But just before Abraham killed his son, with the knife in the air above him, the angel of the Lord (likely Jesus) called to Abraham from heaven and commanded him not to harm his son. God then provided a ram to be sacrificed. Abraham, and Moses writing seven hundred years later, recognized that this prefigured God’s future messianic provision at the same mountain, Mount Moriah, also known as Mount Zion.22

The comparisons between this account and the death of Jesus are many. To help you see them clearly we have listed them:

  • Isaac and Jesus were both sons of a promise that was given many years before their birth.
  • Isaac and Jesus were both born to women who could not have conceived apart from a miracle.
  • Isaac and Jesus were both firstborn sons.
  • Isaac and Jesus were both greatly loved by their father/Father.
  • Isaac and Jesus went to the top of Mount Moriah/Mount Zion.
  • Isaac carried the wood to his own sacrifice, just as Jesus carried his wooden cross to his crucifixion.
  • Isaac and Jesus each willingly laid down their lives to their father/ Father.
  • Isaac’s father and Jesus’ Father both felt the agony of killing an innocent son.
  • Isaac was brought back from the dead figuratively and Jesus was brought back from the dead literally.
  • Isaac points us to Jesus, the Son, and Abraham to the Father in this prophetic portrait of their mutual agony as they partner together to provide substitutionary atonement for all people on this very spot two thousand years later.

Hebrews 11:17-19 says it this way:

By faith Abraham, when he was tested, offered up Isaac, and he who had received the promises was in the act of offering up his only son, of whom it was said, “Through Isaac shall your offspring be named.” He considered that God was able even to raise him from the dead, from which, figuratively speaking, he did receive him back.
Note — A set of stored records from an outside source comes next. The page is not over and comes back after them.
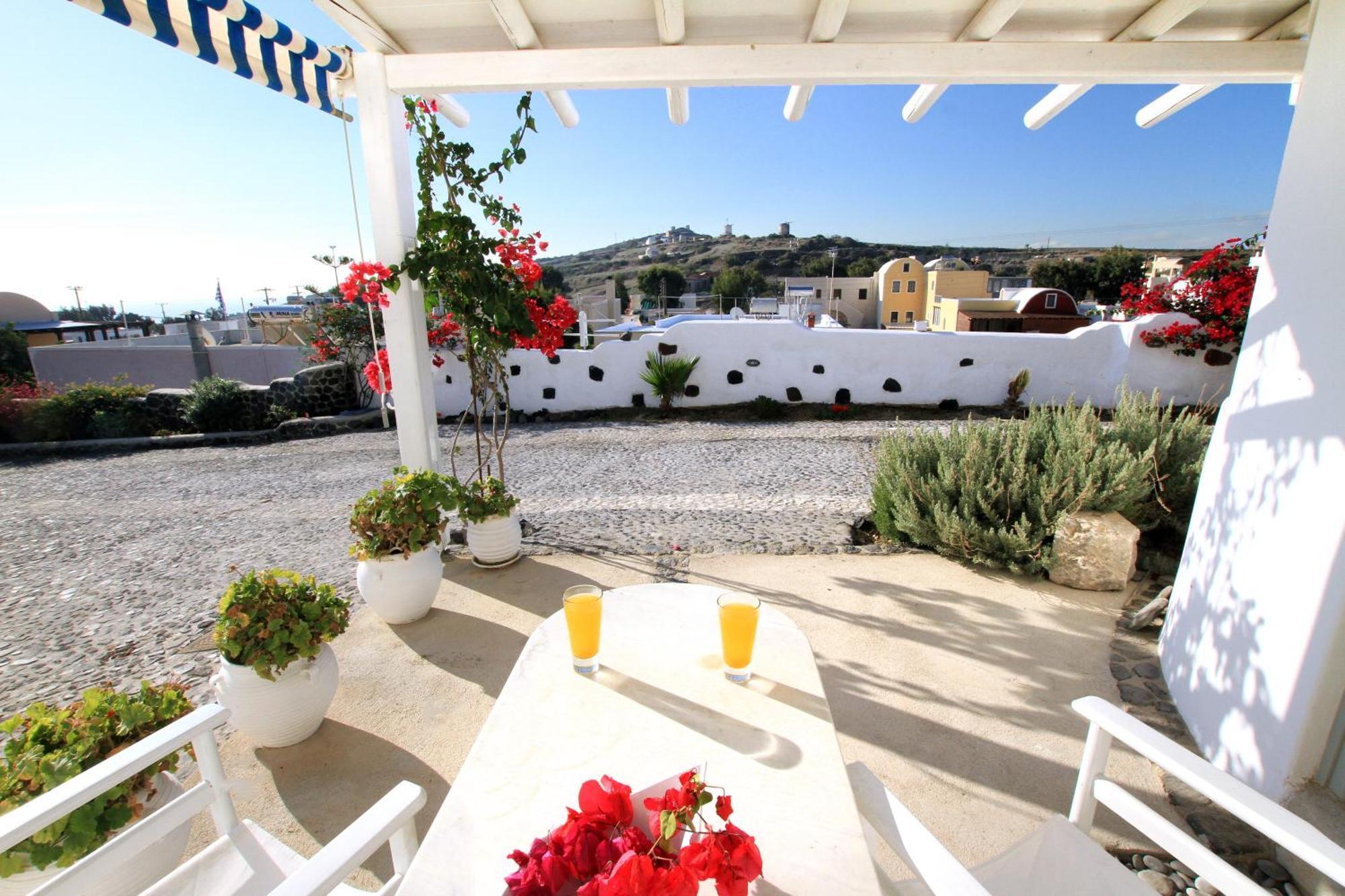 Shades Of White Villas Emporio  ภายนอก รูปภาพ
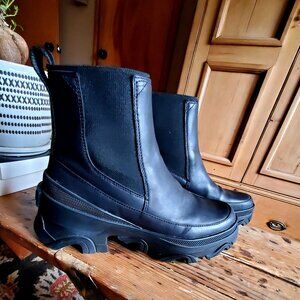 Sorel Brex Chelsea Leather Boot, Size 9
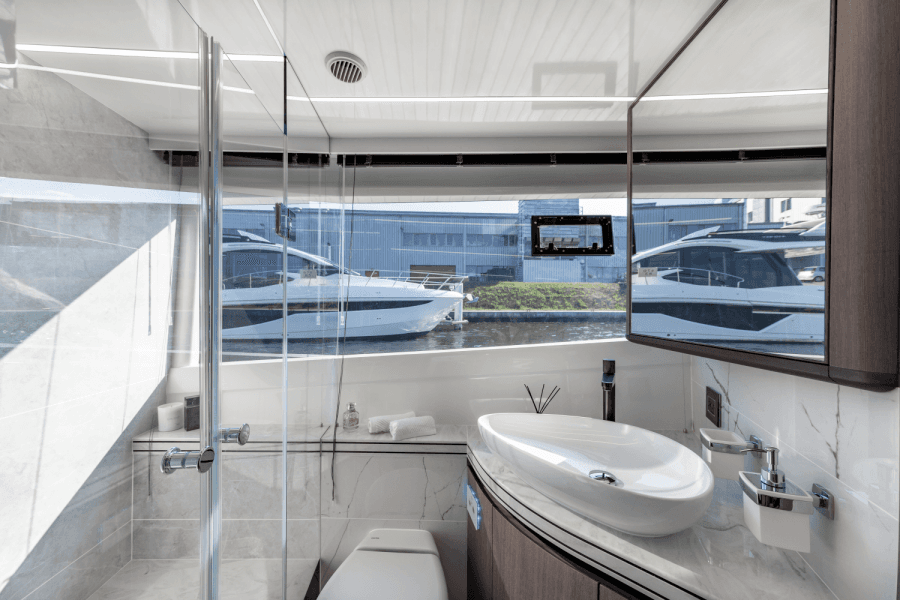 2025 Galeon 560 FLY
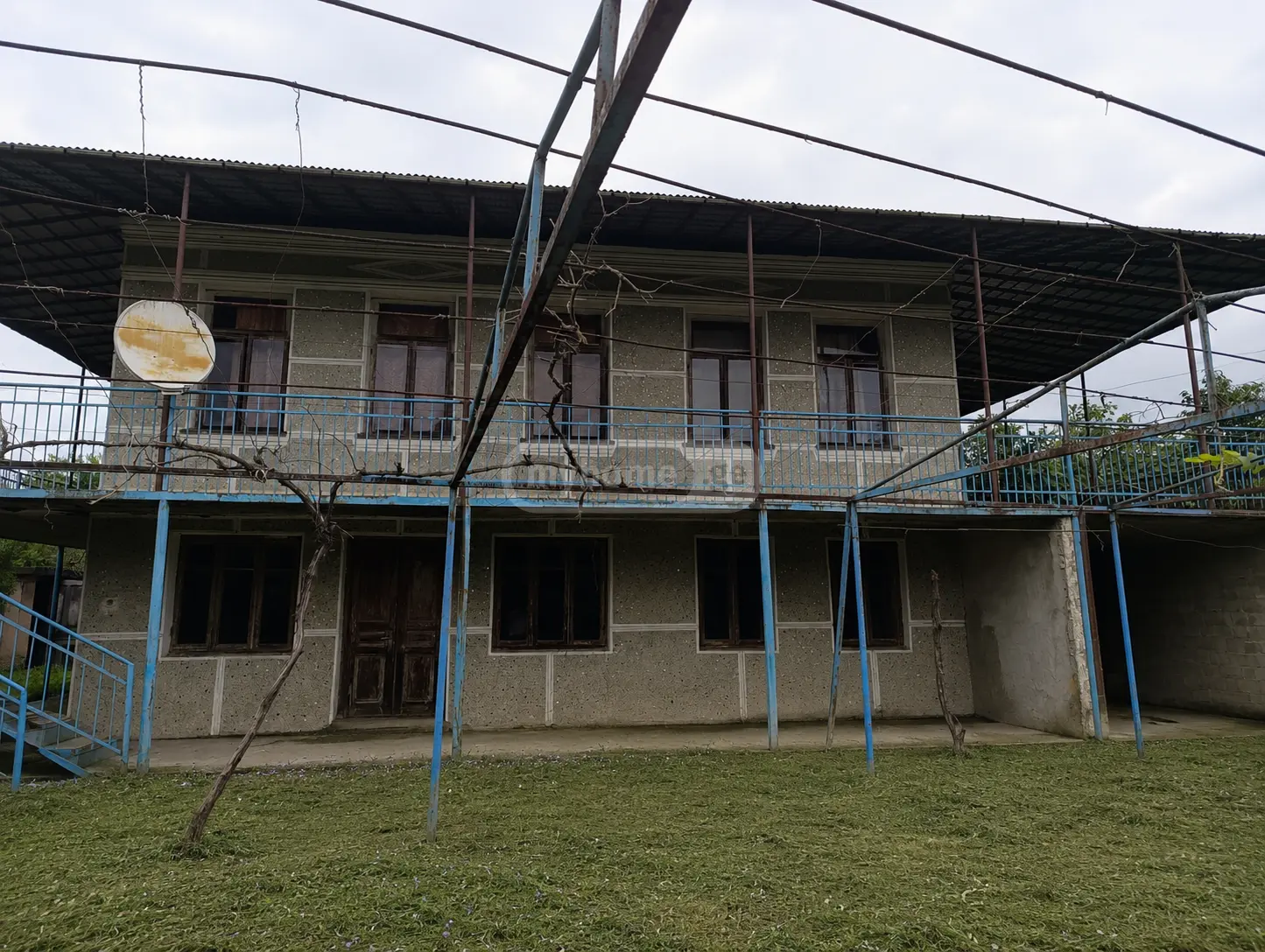 9 Room Private House For Sale view 2
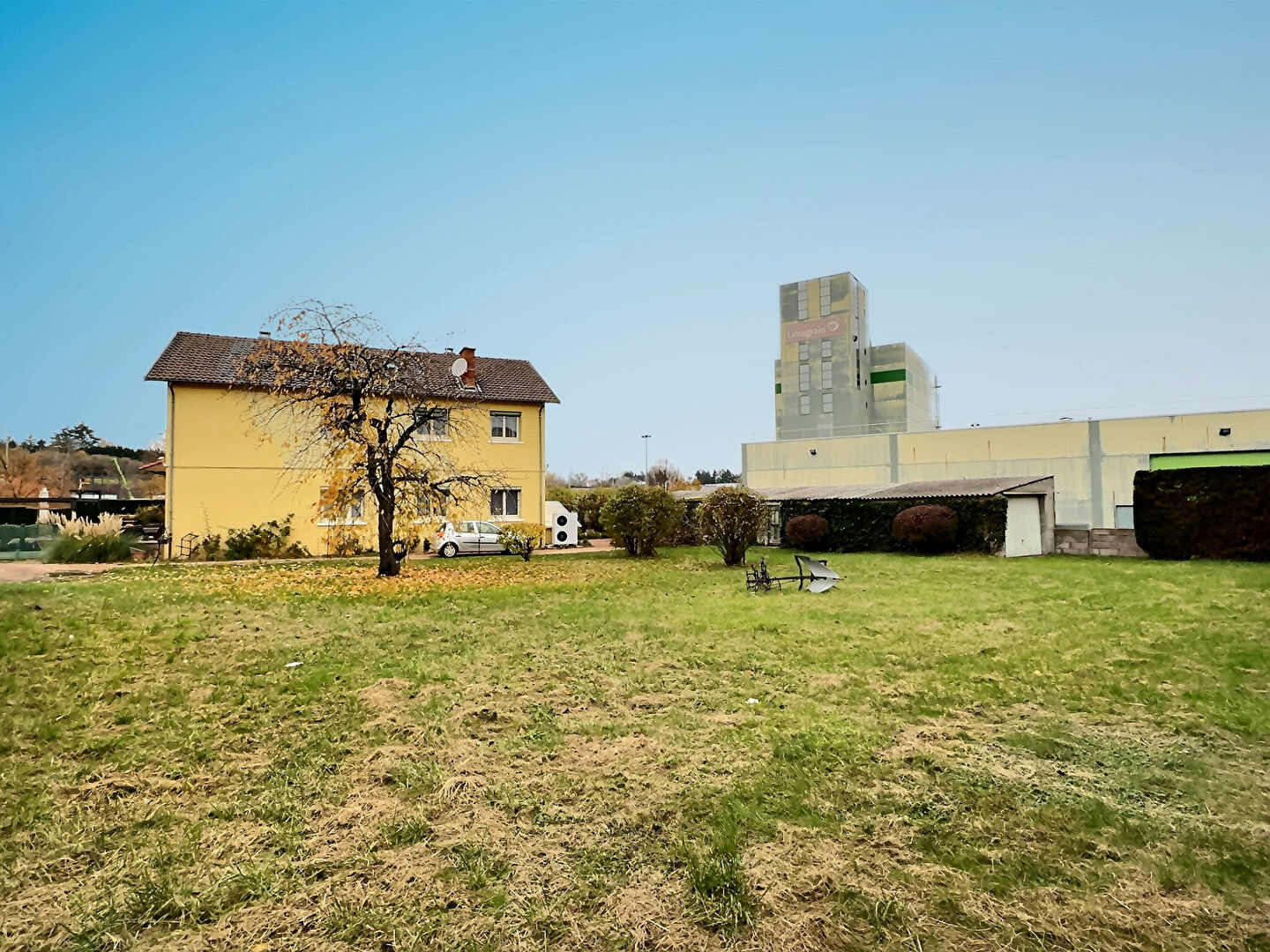 Photo Ensemble immobilier - ISSOIRE image 2/6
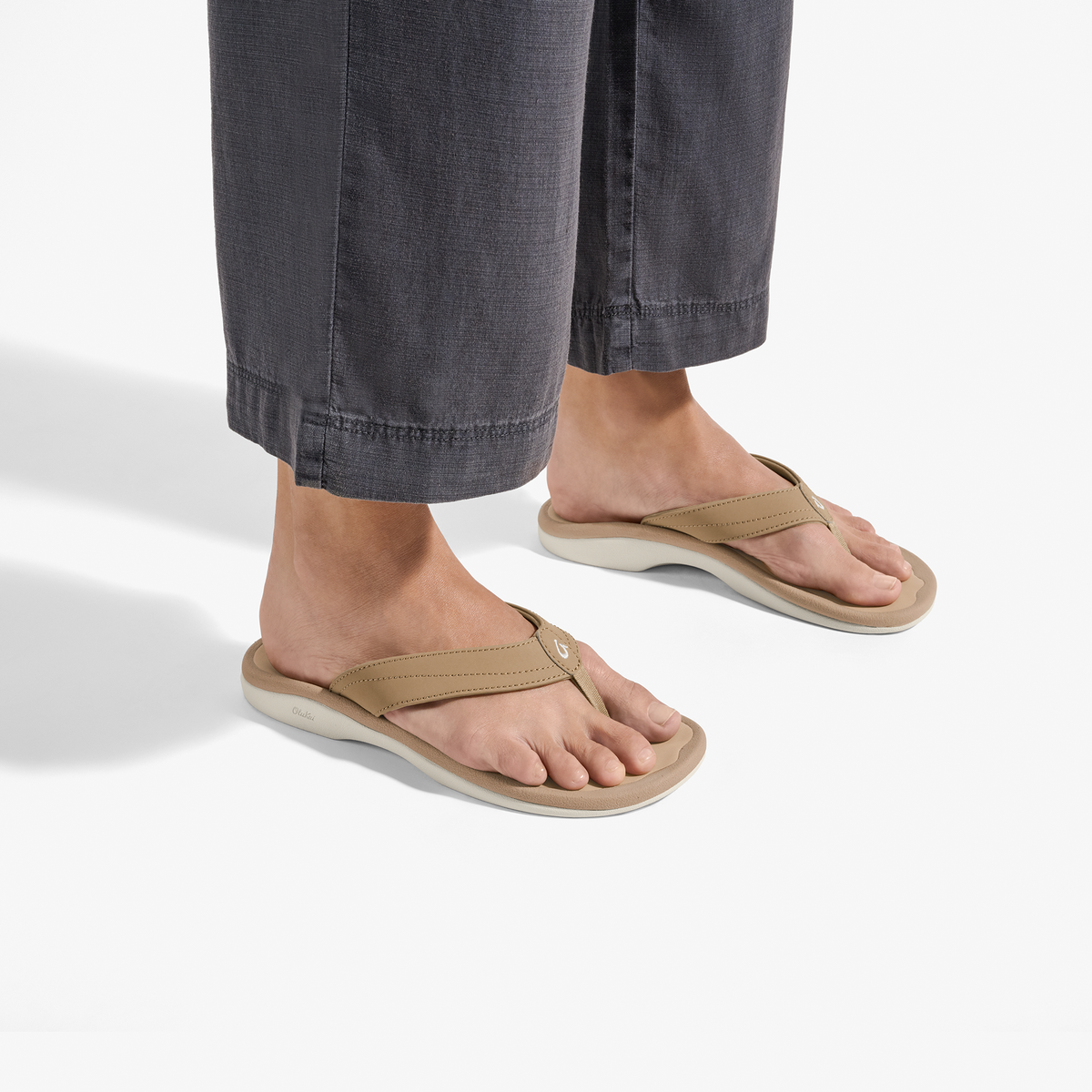 OluKai Trending | ‘Ohana Women's Beach Sandals - Warm Sand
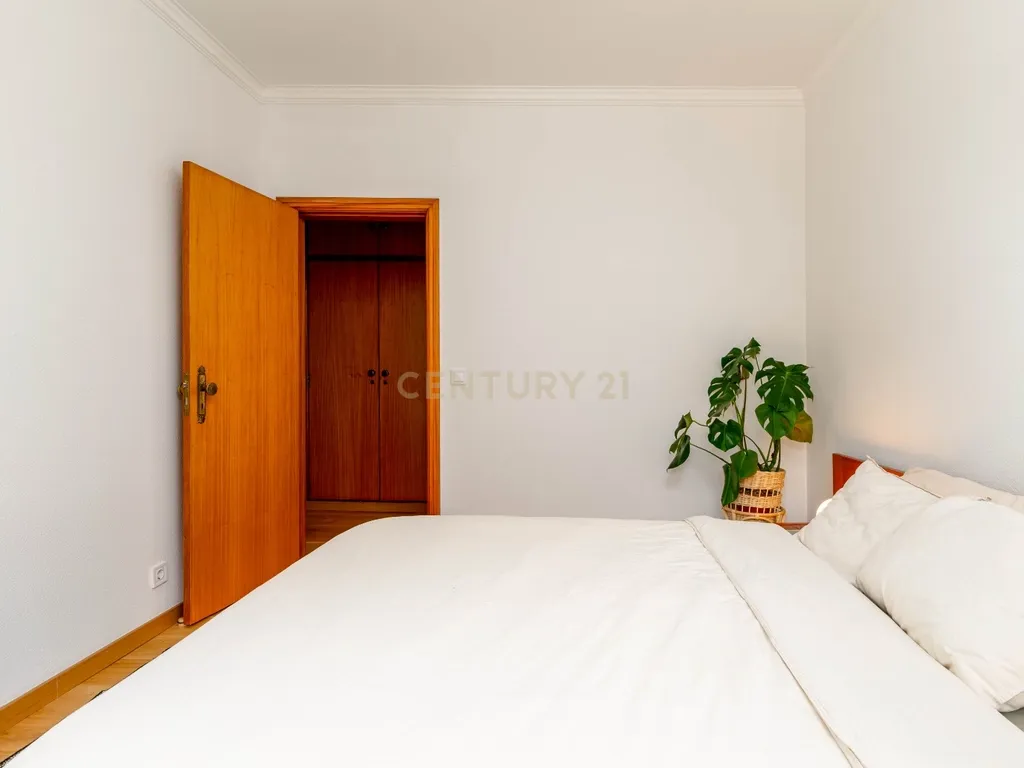 Viver com Elegância entre o Litoral e a Cidade – Uma Casa Sustentável em Colares, Portugal - Image 34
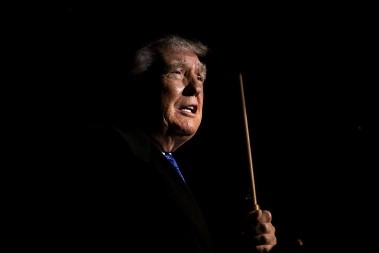 TRAMP OTKRIO ŠTA JE REKAO RIVALIMA U BELOJ KUĆI: Amerika je preuzela venecijansku naftu da spreči Kinu i Rusiju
After having walked with God for many years and seeing God provide in very difficult situations, Abraham had apparently learned to trust God no matter what. This fact reveals that those in covenant with God can mature and grow in faith. Abraham’s faith in God was so resolute that he believed that even if he killed his son that God, who gave him the son through a miracle, could give him back through yet another miracle.23 After all, Abraham had also lost his wife on two occasions only to see God bring her back to him, and Abraham believed that God would do the same with Isaac because God is always good for his covenant promises.

To summarize the Abrahamic covenant: the human mediator between God and Abraham’s family, the nation of Israel, and the nations of the earth is Abraham. The blessings of the covenant include land, a son, and a nation of people who would bring forth Jesus Christ as the ultimate promised blessing. The condition of enjoying the covenant was obedience to God and “doing righteousness and justice,”24 as God’s people are to be ethical and promote justice on the earth. Like Jesus who would call the church to be a city within the city,25 God commanded his people in the Abrahamic covenant to live as a nation among the nations for the missional purpose of revealing God to the nations through righteousness and justice. The sign of the covenant internally was faith as Abraham believed God, and the sign externally was circumcision, as visible evidence of internal faith. The covenant community took the form of a family and nation that proceeded from that family bringing forth Jesus as the blessing to all nations.

Lastly, the promise of Jesus Christ is that he would come as the seed of Abraham and blessing to all nations of the earth. Revelation 7:9–10 reveals the fulfillment of this aspect of the Abrahamic covenant at the end of time around the throne of Jesus:

After this I looked, and behold, a great multitude that no one could number, from every nation, from all tribes and peoples and languages, standing before the throne and before the Lamb, clothed in white robes, with palm branches in their hands, and crying out with a loud voice, “Salvation belongs to our God who sits on the throne, and to the Lamb!”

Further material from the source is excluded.